[Data excerpts Boundary: Start]

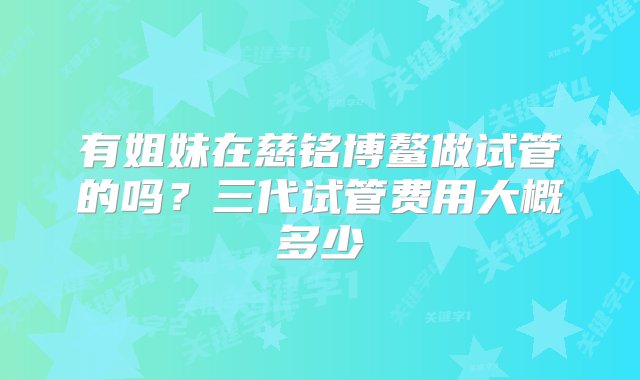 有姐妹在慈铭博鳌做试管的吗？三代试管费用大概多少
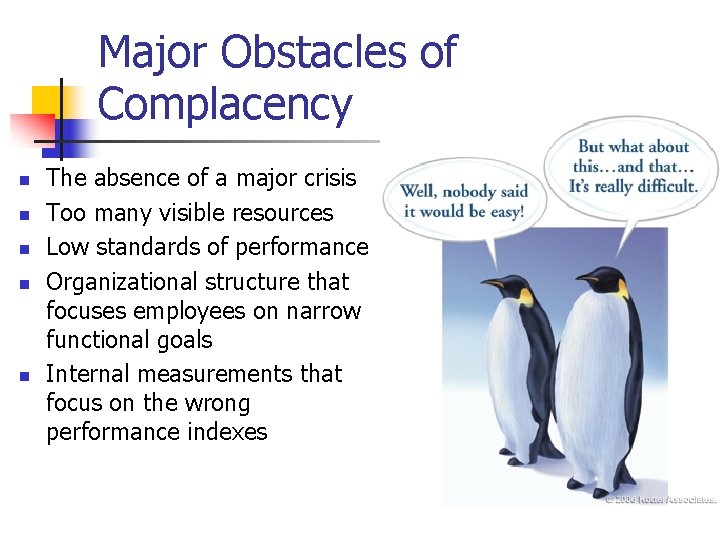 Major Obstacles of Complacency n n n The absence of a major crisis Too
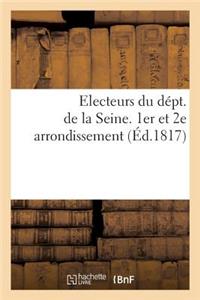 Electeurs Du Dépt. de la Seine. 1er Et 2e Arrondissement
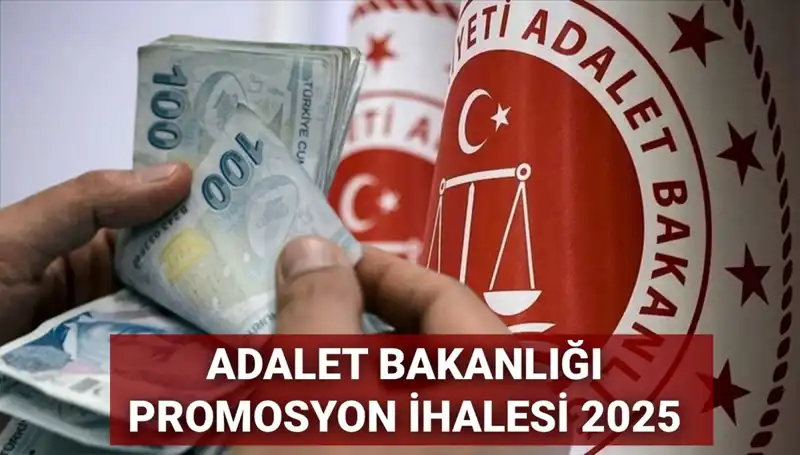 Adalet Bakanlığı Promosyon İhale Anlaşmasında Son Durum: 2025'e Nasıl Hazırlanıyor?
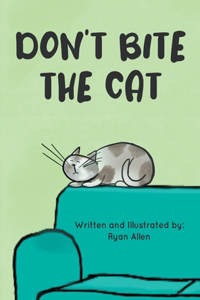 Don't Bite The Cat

[Data excerpts Boundary: End]
[Data excerpts Boundary: Start]

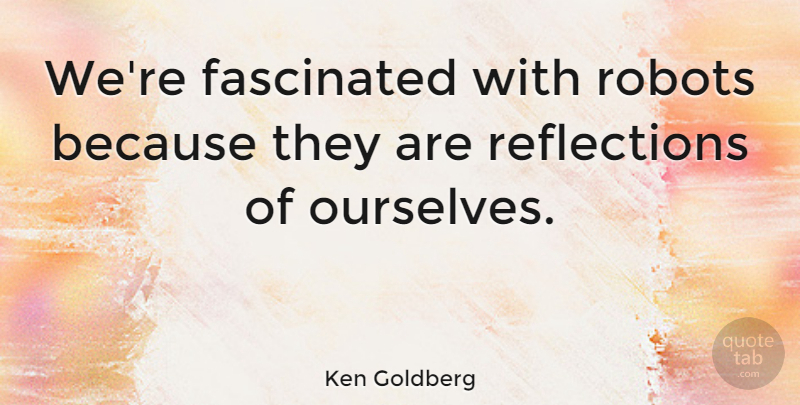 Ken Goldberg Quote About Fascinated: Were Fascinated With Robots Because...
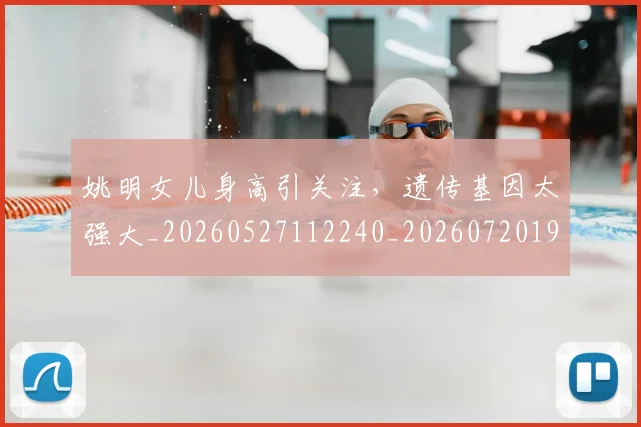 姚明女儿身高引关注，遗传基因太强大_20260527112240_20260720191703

[Data excerpts Boundary: End]
[Data excerpts Boundary: Start]

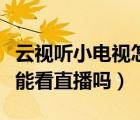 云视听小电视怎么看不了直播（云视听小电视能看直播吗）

[Data excerpts Boundary: End]

Instructions for the task -> Output exactly those lines of the data above that run from the line with "Electeurs Du Dépt." up to and including the line with "Don't Bite The Cat". No pictures go in.

Solution to this task ->
 Electeurs Du Dépt. de la Seine. 1er Et 2e Arrondissement
 Adalet Bakanlığı Promosyon İhale Anlaşmasında Son Durum: 2025'e Nasıl Hazırlanıyor?
 Don't Bite The Cat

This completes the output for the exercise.